Extérieurement, elle semblait belle, blanche et rouge, si bien
qu'elle faisait envie à quiconque la voyait ; mais il suffisait
d'en manger un tout petit morceau pour mourir. Quand tout fut prêt,
la reine se farda le visage et se déguisa en paysanne. Ainsi
transformée, elle franchit les sept montagnes pour aller chez
les sept nains. Elle frappa à la porte. Blanche-Neige se pencha
à la fenêtre et dit :
- Je n'ai le droit de laisser entrer quiconque ici ; les sept nains
me l'ont interdit.
- D'accord ! répondit la paysanne. J'arriverai bien à
vendre mes pommes ailleurs ; mais je vais t'en offrir une.
- Non, dit Blanche-Neige, je n'ai pas le droit d'accepter quoi que ce soit.
- Aurais-tu peur d'être empoisonnée ? demanda la vieille.
Regarde : je partage la pomme en deux ; tu mangeras la moitié
qui est rouge, moi, celle qui est blanche.
La pomme avait été traitée avec tant d'art
que seule la moitié était empoisonnée. Blanche-Neige
regarda le fruit avec envie et quand elle vit que la paysanne en
mangeait, elle ne put résister plus longtemps. Elle tendit
la main et prit la partie empoisonnée de la pomme. À
peine y eut-elle mis les dents qu'elle tomba morte sur le sol. La
reine la regarda de ses yeux méchants, ricana et dit :
- Blanche comme neige, rose comme sang, noir comme ébène ! Cette fois-ci, les nains ne pourront plus te réveiller !

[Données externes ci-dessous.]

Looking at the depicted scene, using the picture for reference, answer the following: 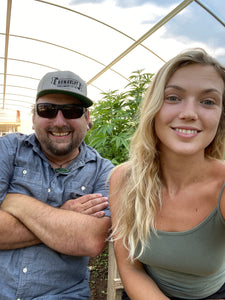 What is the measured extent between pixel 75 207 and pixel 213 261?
0.78 m

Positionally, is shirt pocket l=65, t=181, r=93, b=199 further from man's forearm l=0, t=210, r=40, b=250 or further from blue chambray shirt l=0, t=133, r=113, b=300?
man's forearm l=0, t=210, r=40, b=250

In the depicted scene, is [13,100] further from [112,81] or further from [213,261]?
[213,261]

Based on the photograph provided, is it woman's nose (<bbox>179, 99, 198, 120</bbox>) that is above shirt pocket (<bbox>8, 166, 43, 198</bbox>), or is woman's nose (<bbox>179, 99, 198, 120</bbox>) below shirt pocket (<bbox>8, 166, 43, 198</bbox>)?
above

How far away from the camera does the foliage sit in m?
2.70

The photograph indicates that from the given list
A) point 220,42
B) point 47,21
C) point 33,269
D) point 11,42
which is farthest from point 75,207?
point 11,42

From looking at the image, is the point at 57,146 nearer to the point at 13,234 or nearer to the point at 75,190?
the point at 75,190

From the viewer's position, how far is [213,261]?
133 cm

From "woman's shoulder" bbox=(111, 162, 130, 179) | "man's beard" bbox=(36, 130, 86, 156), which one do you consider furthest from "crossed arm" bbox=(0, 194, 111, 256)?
"man's beard" bbox=(36, 130, 86, 156)

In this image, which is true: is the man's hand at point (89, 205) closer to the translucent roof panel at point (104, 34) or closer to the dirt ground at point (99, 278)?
the dirt ground at point (99, 278)

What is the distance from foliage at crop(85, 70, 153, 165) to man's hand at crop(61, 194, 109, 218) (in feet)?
3.38

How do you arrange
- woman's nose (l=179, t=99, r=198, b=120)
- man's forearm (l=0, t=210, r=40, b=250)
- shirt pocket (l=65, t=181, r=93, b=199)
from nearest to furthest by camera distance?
woman's nose (l=179, t=99, r=198, b=120)
man's forearm (l=0, t=210, r=40, b=250)
shirt pocket (l=65, t=181, r=93, b=199)

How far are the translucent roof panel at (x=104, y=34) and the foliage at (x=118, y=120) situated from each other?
58 cm

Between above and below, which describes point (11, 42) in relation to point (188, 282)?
above

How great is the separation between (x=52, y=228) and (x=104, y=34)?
5601 mm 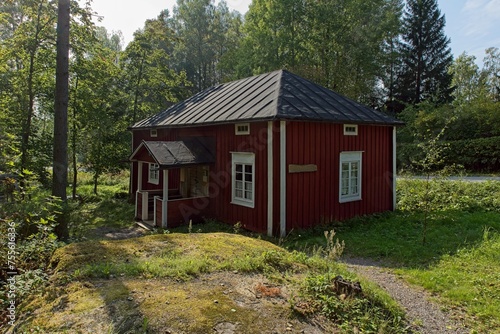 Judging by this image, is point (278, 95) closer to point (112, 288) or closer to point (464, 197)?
point (112, 288)

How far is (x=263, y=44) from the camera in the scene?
3053 cm

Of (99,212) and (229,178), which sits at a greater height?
(229,178)

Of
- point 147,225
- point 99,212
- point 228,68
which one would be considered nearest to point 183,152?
point 147,225

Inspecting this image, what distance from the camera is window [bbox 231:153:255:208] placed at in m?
9.97

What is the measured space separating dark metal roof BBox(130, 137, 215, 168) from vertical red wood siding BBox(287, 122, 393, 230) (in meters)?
3.31

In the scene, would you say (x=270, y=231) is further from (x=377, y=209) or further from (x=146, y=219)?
(x=146, y=219)

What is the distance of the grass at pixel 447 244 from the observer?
5246 mm

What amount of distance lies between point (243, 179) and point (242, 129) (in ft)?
5.04

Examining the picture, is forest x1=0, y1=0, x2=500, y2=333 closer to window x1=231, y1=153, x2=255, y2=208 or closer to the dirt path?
the dirt path

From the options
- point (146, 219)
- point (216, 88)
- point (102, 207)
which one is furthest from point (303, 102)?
point (102, 207)

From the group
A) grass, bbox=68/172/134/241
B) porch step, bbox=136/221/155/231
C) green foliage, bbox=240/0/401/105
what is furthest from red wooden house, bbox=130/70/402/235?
green foliage, bbox=240/0/401/105

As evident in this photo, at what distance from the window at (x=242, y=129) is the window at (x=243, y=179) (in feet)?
Result: 2.15

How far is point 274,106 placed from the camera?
9344 millimetres

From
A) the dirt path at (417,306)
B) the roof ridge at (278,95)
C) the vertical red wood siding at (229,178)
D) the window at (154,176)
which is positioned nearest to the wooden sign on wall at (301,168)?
the vertical red wood siding at (229,178) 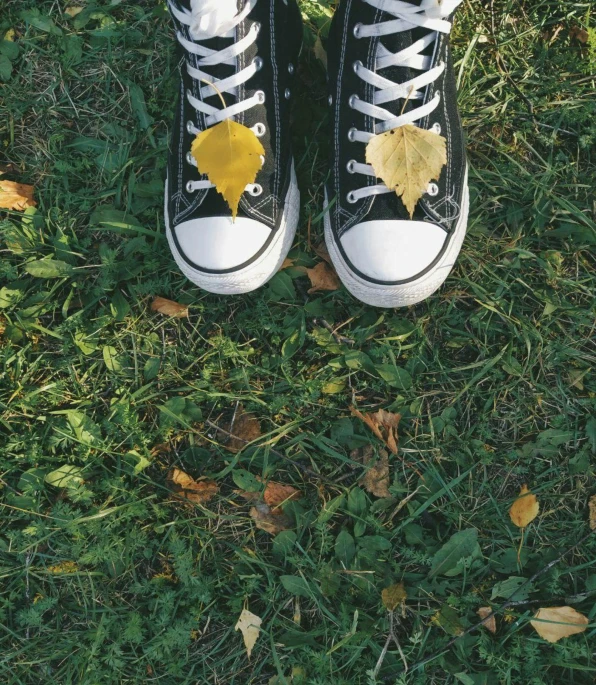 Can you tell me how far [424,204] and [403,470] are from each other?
3.25 feet

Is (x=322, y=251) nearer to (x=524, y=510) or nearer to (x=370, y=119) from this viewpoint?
(x=370, y=119)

Et quand elle fut de retour chez elle, et demanda au miroir :
- Miroir, miroir joli, qui est la plus belle au pays ?
Celui-ci répondit enfin :
-Madame la reine, vous êtes la plus belle au pays.
Et son cur jaloux trouva le repos, pour autant qu'un cur
jaloux puisse le trouver. Quand, au soir, les petits nains arrivèrent
chez eux, ils trouvèrent Blanche-Neige étendue sur le
sol, sans souffle. Ils la soulevèrent, cherchèrent s'il
y avait quelque chose d'empoisonné, défirent son corselet,
coiffèrent ses cheveux, la lavèrent avec de l'eau et
du vin. Mais rien n'y fit : la chère enfant était morte
et morte elle restait. Ils la placèrent sur une civière,
s'assirent tous les sept autour d'elle et pleurèrent trois
jours durant. Puis ils se préparèrent à l'enterrer.

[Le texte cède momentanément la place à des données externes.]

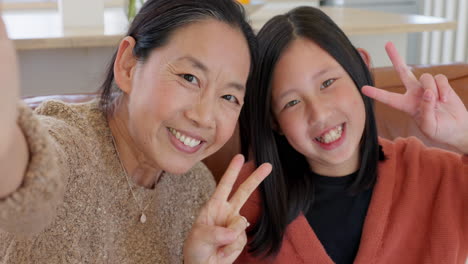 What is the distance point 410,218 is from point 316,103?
0.38m

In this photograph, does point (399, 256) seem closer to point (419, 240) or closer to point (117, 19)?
point (419, 240)

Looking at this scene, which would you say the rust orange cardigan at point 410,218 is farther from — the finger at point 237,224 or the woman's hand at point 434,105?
the finger at point 237,224

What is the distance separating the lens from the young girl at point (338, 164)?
1475mm

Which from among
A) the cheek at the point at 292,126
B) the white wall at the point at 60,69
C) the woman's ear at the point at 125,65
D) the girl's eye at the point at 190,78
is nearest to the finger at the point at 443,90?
the cheek at the point at 292,126

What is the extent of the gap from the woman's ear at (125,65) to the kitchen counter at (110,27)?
31.1 inches

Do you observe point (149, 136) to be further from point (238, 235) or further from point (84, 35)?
point (84, 35)

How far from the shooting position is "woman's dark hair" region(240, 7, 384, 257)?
1523 mm

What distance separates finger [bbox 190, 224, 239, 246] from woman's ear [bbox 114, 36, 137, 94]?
0.34 m

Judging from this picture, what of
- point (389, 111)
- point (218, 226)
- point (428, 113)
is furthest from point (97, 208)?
point (389, 111)

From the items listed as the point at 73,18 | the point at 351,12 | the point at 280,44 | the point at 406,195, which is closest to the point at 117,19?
the point at 73,18

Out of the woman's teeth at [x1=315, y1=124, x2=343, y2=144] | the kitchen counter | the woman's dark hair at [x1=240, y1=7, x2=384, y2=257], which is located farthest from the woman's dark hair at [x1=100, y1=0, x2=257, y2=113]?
the kitchen counter

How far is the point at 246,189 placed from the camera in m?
1.35

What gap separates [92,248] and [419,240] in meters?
0.77

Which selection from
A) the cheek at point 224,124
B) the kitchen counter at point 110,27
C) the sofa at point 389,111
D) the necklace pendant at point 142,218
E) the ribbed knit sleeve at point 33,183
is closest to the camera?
the ribbed knit sleeve at point 33,183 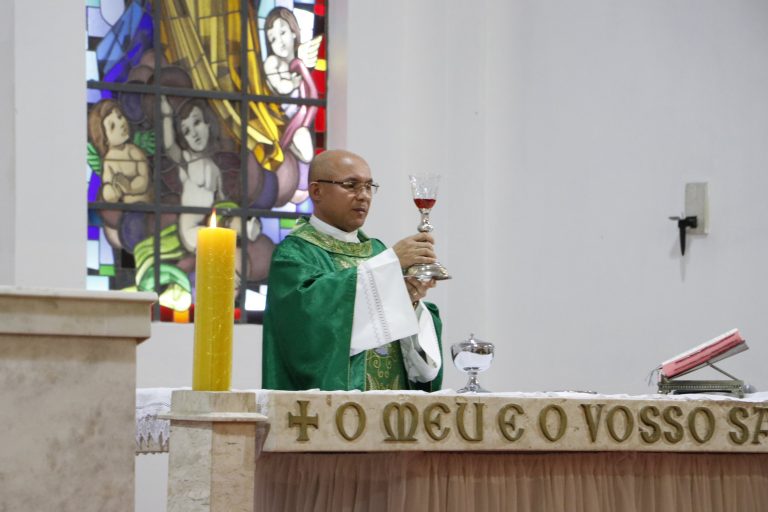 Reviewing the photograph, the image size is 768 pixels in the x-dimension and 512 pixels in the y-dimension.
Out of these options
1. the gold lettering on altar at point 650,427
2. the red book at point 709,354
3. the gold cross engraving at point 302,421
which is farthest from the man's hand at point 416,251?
the gold cross engraving at point 302,421

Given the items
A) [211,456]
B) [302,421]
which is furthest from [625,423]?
[211,456]

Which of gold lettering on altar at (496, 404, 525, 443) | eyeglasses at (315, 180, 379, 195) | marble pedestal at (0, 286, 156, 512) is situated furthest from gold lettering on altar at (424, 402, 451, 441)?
eyeglasses at (315, 180, 379, 195)

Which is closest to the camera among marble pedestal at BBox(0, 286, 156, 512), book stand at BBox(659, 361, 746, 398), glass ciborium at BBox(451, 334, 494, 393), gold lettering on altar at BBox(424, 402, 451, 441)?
marble pedestal at BBox(0, 286, 156, 512)

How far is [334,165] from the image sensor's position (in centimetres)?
471

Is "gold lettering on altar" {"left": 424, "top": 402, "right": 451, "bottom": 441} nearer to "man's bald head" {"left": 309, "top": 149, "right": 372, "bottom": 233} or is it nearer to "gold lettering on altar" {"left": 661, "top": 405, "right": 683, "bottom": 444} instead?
"gold lettering on altar" {"left": 661, "top": 405, "right": 683, "bottom": 444}

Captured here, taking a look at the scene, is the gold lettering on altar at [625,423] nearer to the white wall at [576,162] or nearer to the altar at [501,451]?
the altar at [501,451]

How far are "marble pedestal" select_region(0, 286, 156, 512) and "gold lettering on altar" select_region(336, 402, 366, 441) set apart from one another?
2.37 feet

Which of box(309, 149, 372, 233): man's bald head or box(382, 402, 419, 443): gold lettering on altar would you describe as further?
box(309, 149, 372, 233): man's bald head

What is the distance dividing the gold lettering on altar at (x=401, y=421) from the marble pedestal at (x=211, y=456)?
406 mm

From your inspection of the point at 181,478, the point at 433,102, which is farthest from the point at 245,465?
the point at 433,102

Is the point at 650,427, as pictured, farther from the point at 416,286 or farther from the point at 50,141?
the point at 50,141

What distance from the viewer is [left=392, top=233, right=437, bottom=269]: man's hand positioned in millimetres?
4121

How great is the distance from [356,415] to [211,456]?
0.43 m

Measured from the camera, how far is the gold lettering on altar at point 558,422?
2867 mm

Mais elle était restée fraîche comme un être
vivant et ses jolies joues étaient roses comme auparavant.
Ils dirent :
- Nous ne pouvons la mettre dans la terre noire.

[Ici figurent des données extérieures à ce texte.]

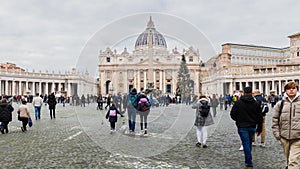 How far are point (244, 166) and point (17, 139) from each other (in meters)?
7.00

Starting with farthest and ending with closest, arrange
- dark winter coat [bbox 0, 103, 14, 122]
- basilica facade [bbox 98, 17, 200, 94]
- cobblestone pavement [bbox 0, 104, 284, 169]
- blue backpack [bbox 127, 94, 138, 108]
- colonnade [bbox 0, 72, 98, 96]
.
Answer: colonnade [bbox 0, 72, 98, 96]
basilica facade [bbox 98, 17, 200, 94]
dark winter coat [bbox 0, 103, 14, 122]
blue backpack [bbox 127, 94, 138, 108]
cobblestone pavement [bbox 0, 104, 284, 169]

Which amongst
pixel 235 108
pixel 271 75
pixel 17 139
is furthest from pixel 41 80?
pixel 235 108

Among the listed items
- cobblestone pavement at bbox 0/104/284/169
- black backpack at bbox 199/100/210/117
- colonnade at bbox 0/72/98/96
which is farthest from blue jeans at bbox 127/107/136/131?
colonnade at bbox 0/72/98/96

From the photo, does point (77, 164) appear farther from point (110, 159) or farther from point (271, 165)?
point (271, 165)

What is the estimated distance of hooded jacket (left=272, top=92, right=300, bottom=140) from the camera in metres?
4.74

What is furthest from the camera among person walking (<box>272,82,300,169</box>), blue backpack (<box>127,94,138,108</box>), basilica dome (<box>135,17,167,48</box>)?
basilica dome (<box>135,17,167,48</box>)

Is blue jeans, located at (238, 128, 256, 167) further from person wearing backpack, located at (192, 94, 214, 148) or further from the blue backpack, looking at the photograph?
the blue backpack

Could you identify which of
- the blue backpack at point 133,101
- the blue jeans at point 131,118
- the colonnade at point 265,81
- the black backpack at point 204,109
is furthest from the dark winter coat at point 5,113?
the colonnade at point 265,81

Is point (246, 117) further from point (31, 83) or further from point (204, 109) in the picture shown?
point (31, 83)

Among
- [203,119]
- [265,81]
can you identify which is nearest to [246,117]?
[203,119]

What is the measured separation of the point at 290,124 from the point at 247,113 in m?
1.26

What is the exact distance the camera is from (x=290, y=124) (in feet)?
15.7

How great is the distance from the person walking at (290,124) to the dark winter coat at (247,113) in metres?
1.00

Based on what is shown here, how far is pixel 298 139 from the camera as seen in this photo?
15.5 ft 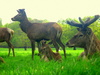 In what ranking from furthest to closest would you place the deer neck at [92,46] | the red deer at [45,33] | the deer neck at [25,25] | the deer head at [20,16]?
the deer head at [20,16] → the deer neck at [25,25] → the red deer at [45,33] → the deer neck at [92,46]

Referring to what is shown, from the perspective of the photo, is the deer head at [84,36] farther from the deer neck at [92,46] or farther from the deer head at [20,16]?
the deer head at [20,16]

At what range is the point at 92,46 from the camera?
623cm

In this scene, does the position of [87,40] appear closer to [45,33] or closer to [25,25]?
[45,33]

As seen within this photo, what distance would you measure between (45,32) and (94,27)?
30.6 meters

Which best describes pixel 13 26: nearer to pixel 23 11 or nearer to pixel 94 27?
pixel 94 27

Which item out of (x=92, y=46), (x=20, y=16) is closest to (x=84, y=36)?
(x=92, y=46)

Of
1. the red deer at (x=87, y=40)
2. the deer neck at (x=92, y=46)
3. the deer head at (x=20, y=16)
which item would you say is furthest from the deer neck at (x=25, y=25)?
the deer neck at (x=92, y=46)

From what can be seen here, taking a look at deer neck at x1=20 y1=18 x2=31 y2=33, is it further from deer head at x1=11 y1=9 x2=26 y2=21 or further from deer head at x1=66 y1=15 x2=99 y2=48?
deer head at x1=66 y1=15 x2=99 y2=48

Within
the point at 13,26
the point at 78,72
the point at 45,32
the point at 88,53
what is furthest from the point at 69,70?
the point at 13,26

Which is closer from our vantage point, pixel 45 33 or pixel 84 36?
pixel 84 36

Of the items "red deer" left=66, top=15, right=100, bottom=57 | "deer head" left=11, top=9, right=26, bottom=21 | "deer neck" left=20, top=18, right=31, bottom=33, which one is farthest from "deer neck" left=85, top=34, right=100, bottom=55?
"deer head" left=11, top=9, right=26, bottom=21

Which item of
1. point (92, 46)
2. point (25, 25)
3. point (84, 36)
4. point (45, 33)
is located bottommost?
point (92, 46)

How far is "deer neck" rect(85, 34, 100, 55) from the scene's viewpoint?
6.12 m

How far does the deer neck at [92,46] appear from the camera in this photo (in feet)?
20.1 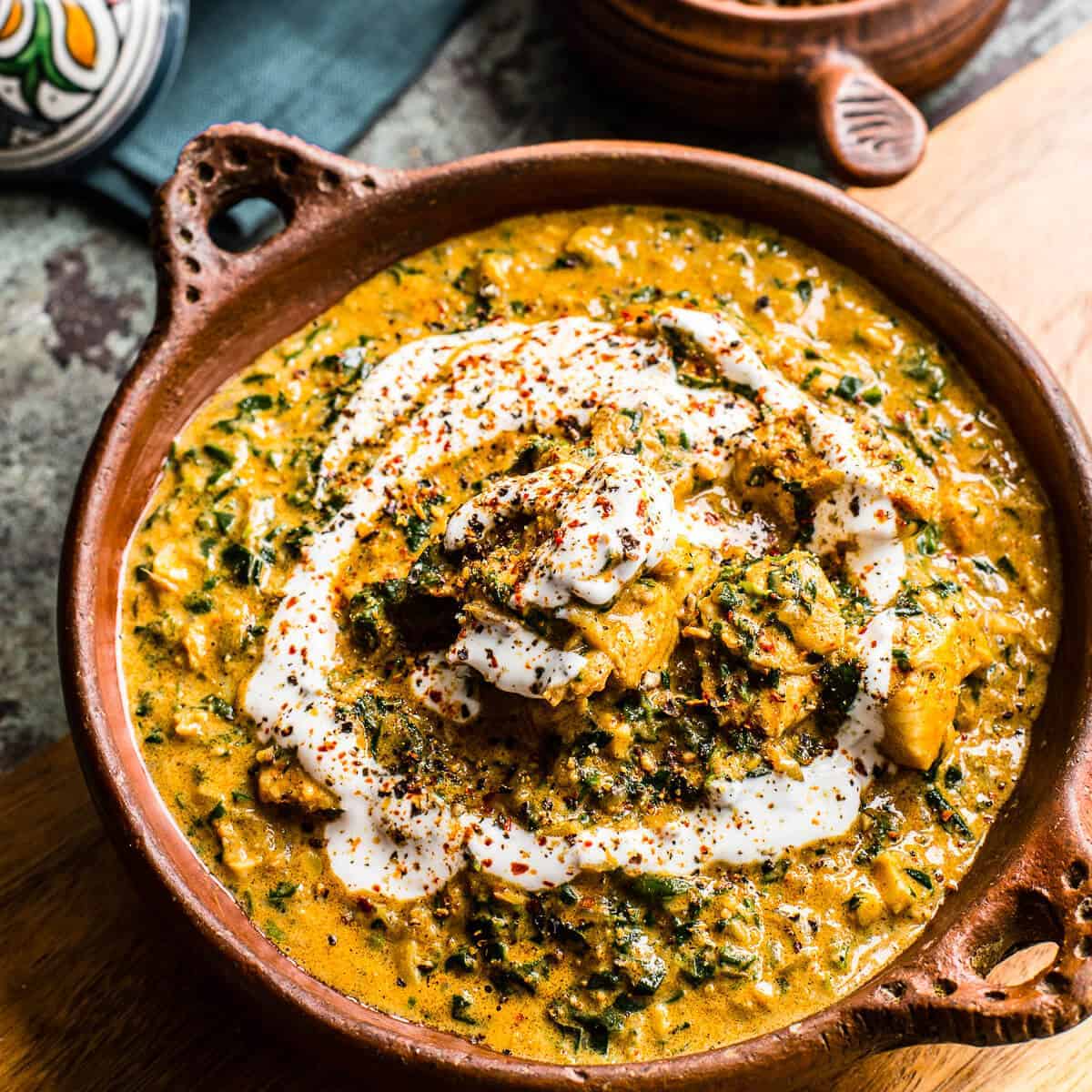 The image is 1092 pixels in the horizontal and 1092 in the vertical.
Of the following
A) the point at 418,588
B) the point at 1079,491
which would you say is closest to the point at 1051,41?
the point at 1079,491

Ils fabriquèrent un cercueil de verre transparent où
on pourrait la voir de tous les côtés, l'y installèrent
et écrivirent dessus son nom en lettres d'or, en ajoutant qu'elle
était fille de roi. Ils portèrent le cercueil en haut
de la montagne et l'un d'eux, sans cesse, monta la garde auprès
de lui. Longtemps Blanche-Neige resta ainsi dans son cercueil toujours
aussi jolie. Il arriva qu'un jour un prince qui chevauchait par la
forêt s'arrêta à la maison des nains pour y passer
la nuit. Il vit le cercueil au sommet de la montagne, et la jolie
Blanche-Neige. Il dit aux nains :
- Laissez-moi le cercueil ; je vous en donnerai ce que vous voudrez.
Mais les nains répondirent :
- Nous ne vous le donnerons pas pour tout l'or du monde.
Il dit :
- Alors donnez-le-moi pour rien ; car je ne pourrai plus vivre sans
voir Blanche-Neige ; je veux lui rendre honneur et respect comme
à ma bien-aimée.
Quand ils entendirent ces mots, les bons petits nains furent saisis
de compassion et ils lui donnèrent le cercueil. Le prince
le fit emporter sur les épaules de ses serviteurs. Comme
ils allaient ainsi, l'un d'eux buta sur une souche. La secousse
fit glisser hors de la gorge de Blanche-Neige le morceau de pomme
empoisonnée qu'elle avait mangé. Bientôt après,
elle ouvrit les yeux, souleva le couvercle du cercueil et se leva.
Elle était de nouveau vivante !
- Seigneur, où suis-je ? demanda-t-elle.
- Auprès de moi, répondit le prince, plein d'allégresse.
Il lui raconta ce qui s'était passé, ajoutant :
- Je t'aime plus que tout au monde ; viens avec moi, tu deviendras ma femme.
Blanche-Neige accepta. Elle l'accompagna et leurs noces furent célébrées
avec magnificence et splendeur.
La méchante reine, belle-mère de Blanche-Neige, avait
également été invitée au mariage. Après
avoir revêtu ses plus beaux atours, elle prit place devant
le miroir et demanda :
- Miroir, miroir joli, qui est la plus belle au pays ?
Le miroir répondit :
- Madame la reine, vous êtes la plus belle ici, mais la jeune souveraine est mille fois plus belle.
La méchante femme proféra un affreux juron et elle eut si peur, si peur qu'elle en perdit la tête.